TASK STATEMENT ▸ Beginning with the line that holds "A Bathing Ape", copy each line through the end of the material below, exactly and with no pictures.

MATERIAL SUPPLIED ▸
:::::

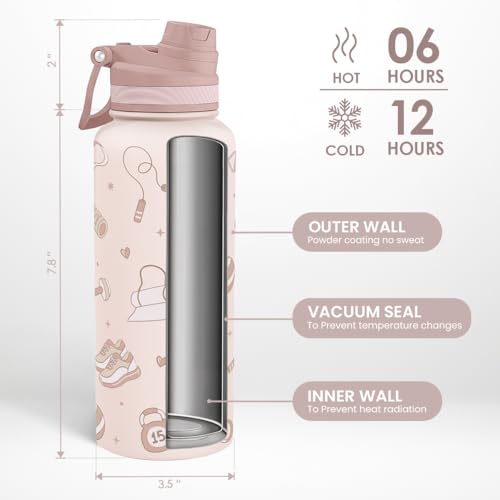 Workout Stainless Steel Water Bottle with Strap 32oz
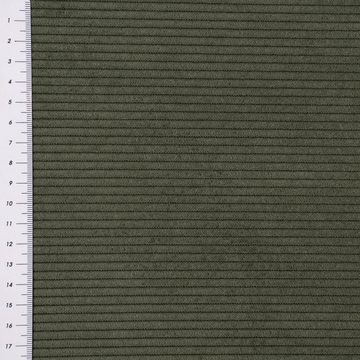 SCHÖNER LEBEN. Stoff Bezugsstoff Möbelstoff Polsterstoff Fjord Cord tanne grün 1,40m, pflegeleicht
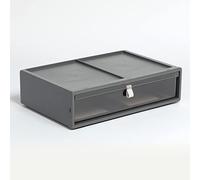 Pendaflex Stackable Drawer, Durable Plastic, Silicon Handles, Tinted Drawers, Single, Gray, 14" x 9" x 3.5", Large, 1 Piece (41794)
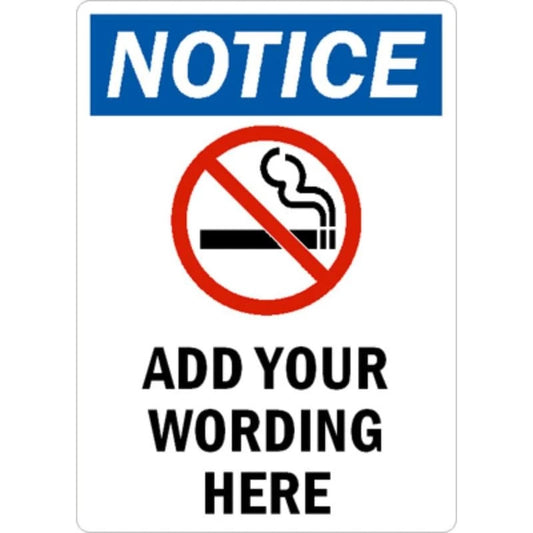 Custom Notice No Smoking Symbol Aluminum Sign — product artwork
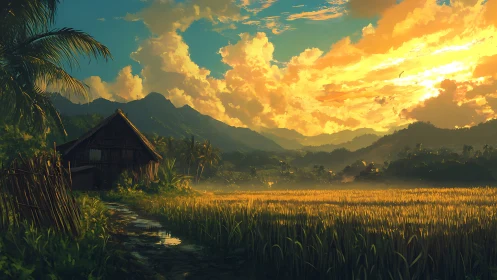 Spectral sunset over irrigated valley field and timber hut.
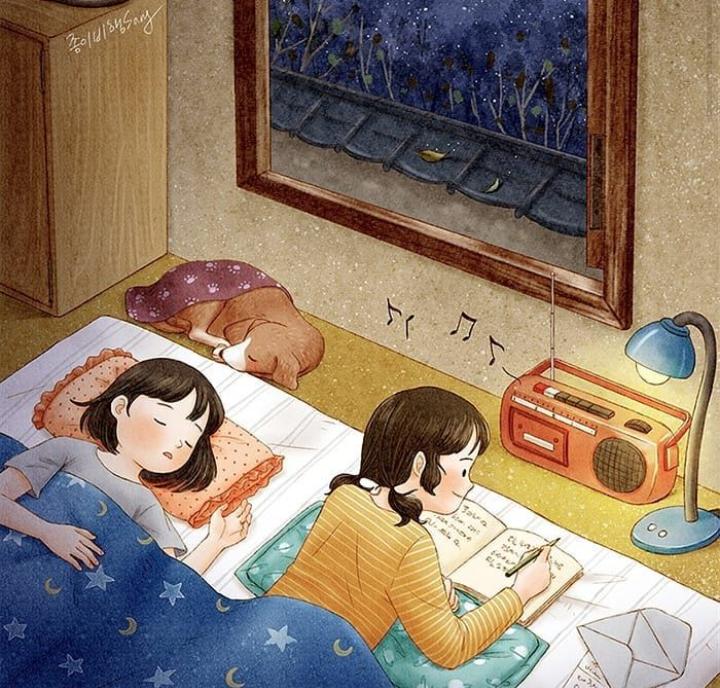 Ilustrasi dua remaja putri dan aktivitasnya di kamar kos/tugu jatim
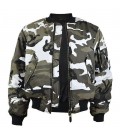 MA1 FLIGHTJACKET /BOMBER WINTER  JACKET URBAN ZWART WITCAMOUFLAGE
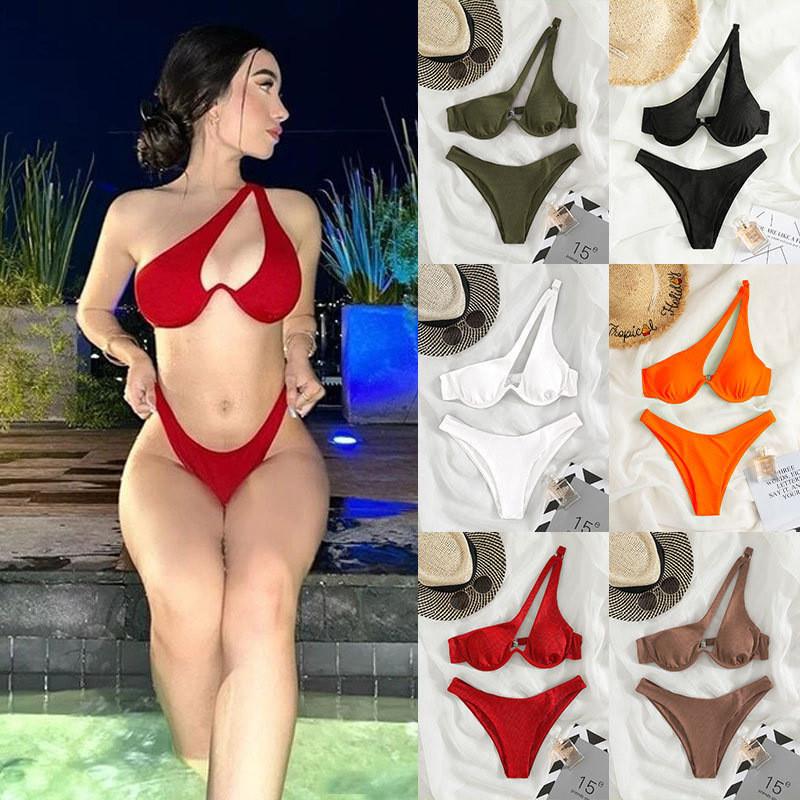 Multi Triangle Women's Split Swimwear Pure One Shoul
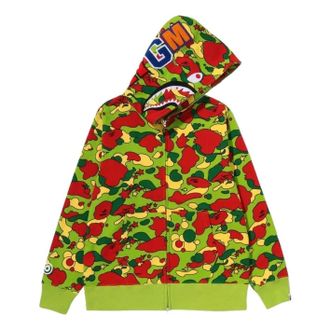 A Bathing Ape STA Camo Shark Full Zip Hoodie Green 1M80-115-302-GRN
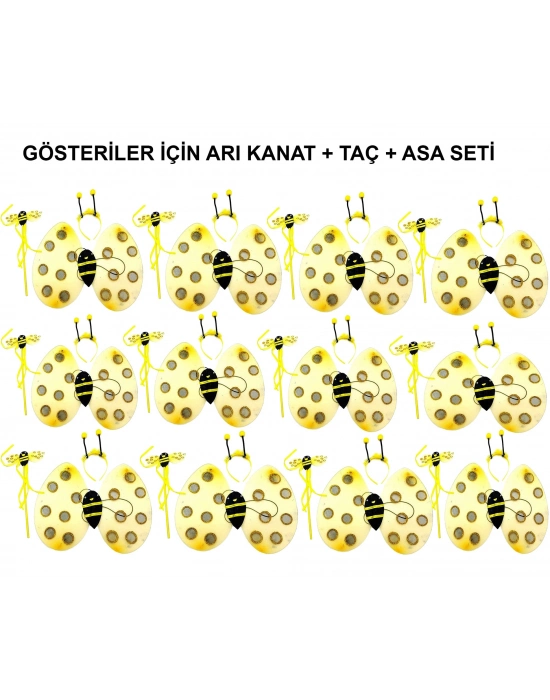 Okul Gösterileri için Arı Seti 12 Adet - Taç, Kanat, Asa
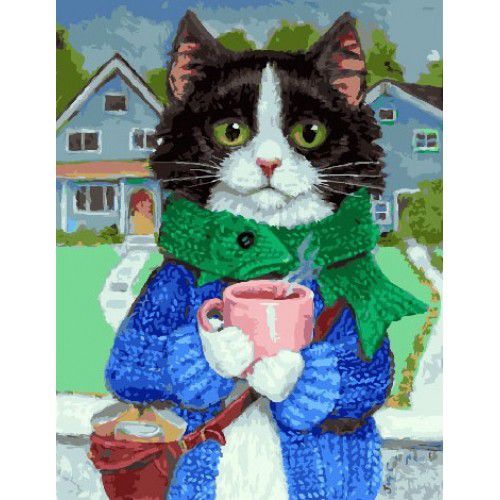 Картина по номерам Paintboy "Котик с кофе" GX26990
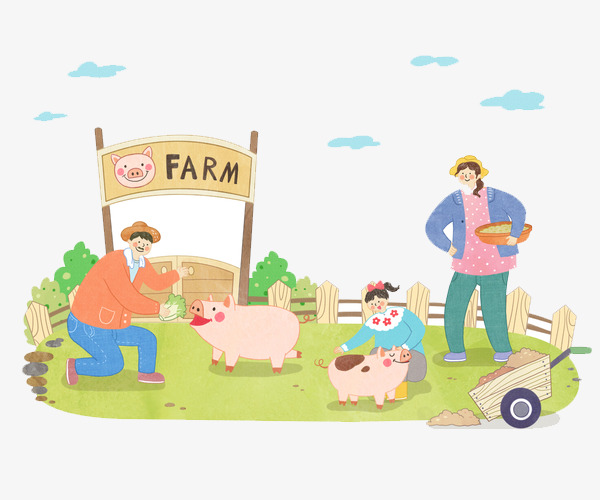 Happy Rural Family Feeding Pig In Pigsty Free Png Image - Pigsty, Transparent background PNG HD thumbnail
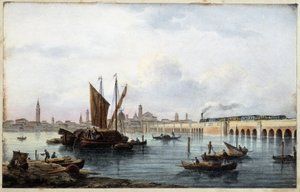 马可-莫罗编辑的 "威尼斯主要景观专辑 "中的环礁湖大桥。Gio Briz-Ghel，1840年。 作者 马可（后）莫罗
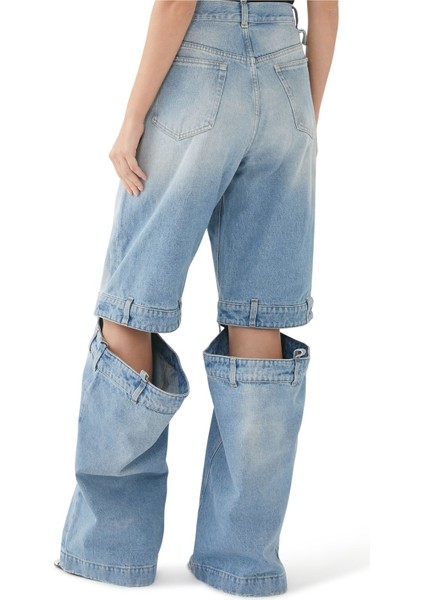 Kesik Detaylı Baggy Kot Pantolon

:::::

ANSWER SPACE ▸
 A Bathing Ape STA Camo Shark Full Zip Hoodie Green 1M80-115-302-GRN
 Okul Gösterileri için Arı Seti 12 Adet - Taç, Kanat, Asa
 Картина по номерам Paintboy "Котик с кофе" GX26990
 Happy Rural Family Feeding Pig In Pigsty Free Png Image - Pigsty, Transparent background PNG HD thumbnail
 马可-莫罗编辑的 "威尼斯主要景观专辑 "中的环礁湖大桥。Gio Briz-Ghel，1840年。 作者 马可（后）莫罗
 Kesik Detaylı Baggy Kot Pantolon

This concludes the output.